German-Jewish philosopher Theodor Adorno once said that ‘to write poetry after Auschwitz is barbaric’, but both Christian and Catherine Dior saw things differently, believing that continuing a pursuit of beauty after the barbarity and devastation of war was the most rebellious act possible.

Dior summarises it thus in the series: ‘For those of us who lived through the chaos of war, creation was survival.’

Catherine became a florist and eventually bought a rose farm in Provence. She was awarded innumerable medals of honour for her resistance, including a Croix de Guerre (usually only awarded to members of the armed forces) and the Legion d’Honneur.

For her part, Chanel can perhaps be summarised in one word: opportunist. You don’t go from impoverished orphan to the Duke of Westminster’s lover and pal of Churchill’s without an eye for the main chance.

In a final irony, she died at the Ritz in Paris in 1971, where she had lived during the war with her Nazi lover. By that point, of course, the fashion house of Chanel was well and truly entrenched as an iconic brand and byword for Frenchness.
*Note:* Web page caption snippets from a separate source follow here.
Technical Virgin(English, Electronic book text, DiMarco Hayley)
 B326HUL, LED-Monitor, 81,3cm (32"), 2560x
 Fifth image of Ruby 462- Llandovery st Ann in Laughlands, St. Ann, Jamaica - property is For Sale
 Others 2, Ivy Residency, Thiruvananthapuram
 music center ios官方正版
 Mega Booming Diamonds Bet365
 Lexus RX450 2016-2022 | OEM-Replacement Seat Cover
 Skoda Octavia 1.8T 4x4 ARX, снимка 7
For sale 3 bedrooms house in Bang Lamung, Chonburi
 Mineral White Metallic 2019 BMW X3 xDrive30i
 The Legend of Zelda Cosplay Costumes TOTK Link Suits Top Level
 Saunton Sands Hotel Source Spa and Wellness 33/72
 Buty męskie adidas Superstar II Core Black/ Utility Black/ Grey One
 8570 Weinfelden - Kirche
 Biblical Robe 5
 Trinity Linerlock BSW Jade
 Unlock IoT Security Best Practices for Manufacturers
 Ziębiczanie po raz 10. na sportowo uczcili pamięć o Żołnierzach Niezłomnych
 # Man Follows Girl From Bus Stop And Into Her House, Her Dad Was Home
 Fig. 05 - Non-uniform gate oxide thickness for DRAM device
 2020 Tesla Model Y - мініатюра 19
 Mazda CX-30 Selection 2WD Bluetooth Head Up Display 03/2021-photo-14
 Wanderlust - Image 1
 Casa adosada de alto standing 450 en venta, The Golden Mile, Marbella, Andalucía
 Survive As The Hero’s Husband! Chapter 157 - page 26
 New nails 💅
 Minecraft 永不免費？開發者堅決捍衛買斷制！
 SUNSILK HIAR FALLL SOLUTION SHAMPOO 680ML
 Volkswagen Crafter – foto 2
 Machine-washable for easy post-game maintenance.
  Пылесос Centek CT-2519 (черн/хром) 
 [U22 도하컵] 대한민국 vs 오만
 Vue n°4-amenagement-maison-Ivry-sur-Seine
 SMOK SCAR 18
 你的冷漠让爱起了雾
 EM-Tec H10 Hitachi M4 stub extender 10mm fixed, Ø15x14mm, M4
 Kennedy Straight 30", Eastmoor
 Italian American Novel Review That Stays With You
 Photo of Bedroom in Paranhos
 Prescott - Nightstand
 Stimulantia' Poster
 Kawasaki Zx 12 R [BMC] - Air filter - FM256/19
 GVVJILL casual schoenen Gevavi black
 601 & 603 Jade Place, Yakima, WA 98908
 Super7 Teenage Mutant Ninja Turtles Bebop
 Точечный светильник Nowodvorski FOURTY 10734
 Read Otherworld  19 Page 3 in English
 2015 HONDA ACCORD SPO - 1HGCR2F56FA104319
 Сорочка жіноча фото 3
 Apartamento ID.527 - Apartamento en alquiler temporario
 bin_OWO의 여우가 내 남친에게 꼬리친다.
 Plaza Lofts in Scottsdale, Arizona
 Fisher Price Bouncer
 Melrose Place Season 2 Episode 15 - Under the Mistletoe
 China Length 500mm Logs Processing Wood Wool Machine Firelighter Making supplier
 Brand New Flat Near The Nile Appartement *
A woman whose name is synonymous with France is only known today because her ruthless behaviour ensured the survival of her brand. ‘Chanel can be very treacherous,’ Malkovich’s Lelong warns Dior in the series. Not that Coco would have cared. After all, this is the woman who said: ‘I don’t care what you think of me. I don’t think of you at all.’

The New Look series has hit written all over it, not least because it is a sumptuous visual spectacle: the beauty of its exquisite costumes, designed by Karen Muller Serreau, is only amplified by the grey, dismal wartime backdrop.

But the drama’s appeal is more than skin-deep. ‘Everything that has been part of my life, whether I wanted it to or not, has expressed itself in my dresses,’ Dior once said.

And, beyond rivalry, this is a story of triumph over adversity — and that’s a theme that doesn’t date.